• SOURCE MATERIAL
*****

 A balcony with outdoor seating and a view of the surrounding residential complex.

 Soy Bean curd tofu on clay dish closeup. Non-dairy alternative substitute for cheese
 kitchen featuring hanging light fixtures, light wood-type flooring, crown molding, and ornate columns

*****

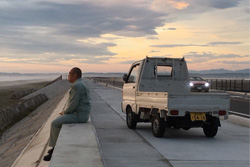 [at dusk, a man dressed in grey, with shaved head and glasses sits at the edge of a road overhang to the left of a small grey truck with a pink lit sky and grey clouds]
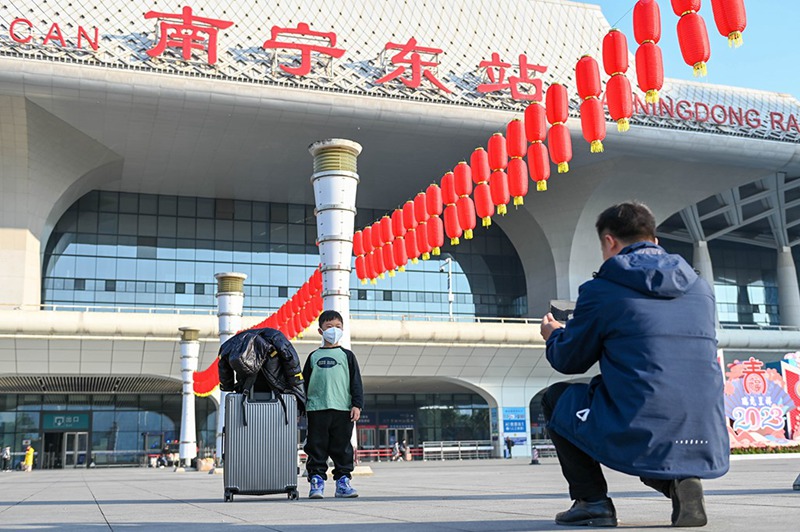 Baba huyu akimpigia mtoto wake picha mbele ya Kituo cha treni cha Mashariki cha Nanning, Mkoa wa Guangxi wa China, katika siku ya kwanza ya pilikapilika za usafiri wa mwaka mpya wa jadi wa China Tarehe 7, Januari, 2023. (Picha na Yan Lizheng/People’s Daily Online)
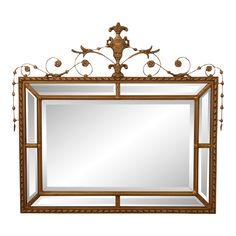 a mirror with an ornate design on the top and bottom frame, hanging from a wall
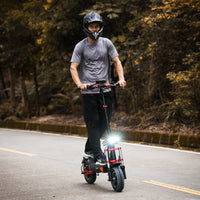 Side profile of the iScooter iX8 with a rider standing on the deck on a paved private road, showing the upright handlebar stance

*****

• EXERCISE DETAILS
Repeat exactly the stretch of the listing above that starts with the line holding "[at dusk, a" and finishes with the line holding "Baba huyu akimpigia", both included. Skip every picture.

• OUTPUT
 [at dusk, a man dressed in grey, with shaved head and glasses sits at the edge of a road overhang to the left of a small grey truck with a pink lit sky and grey clouds]
 Baba huyu akimpigia mtoto wake picha mbele ya Kituo cha treni cha Mashariki cha Nanning, Mkoa wa Guangxi wa China, katika siku ya kwanza ya pilikapilika za usafiri wa mwaka mpya wa jadi wa China Tarehe 7, Januari, 2023. (Picha na Yan Lizheng/People’s Daily Online)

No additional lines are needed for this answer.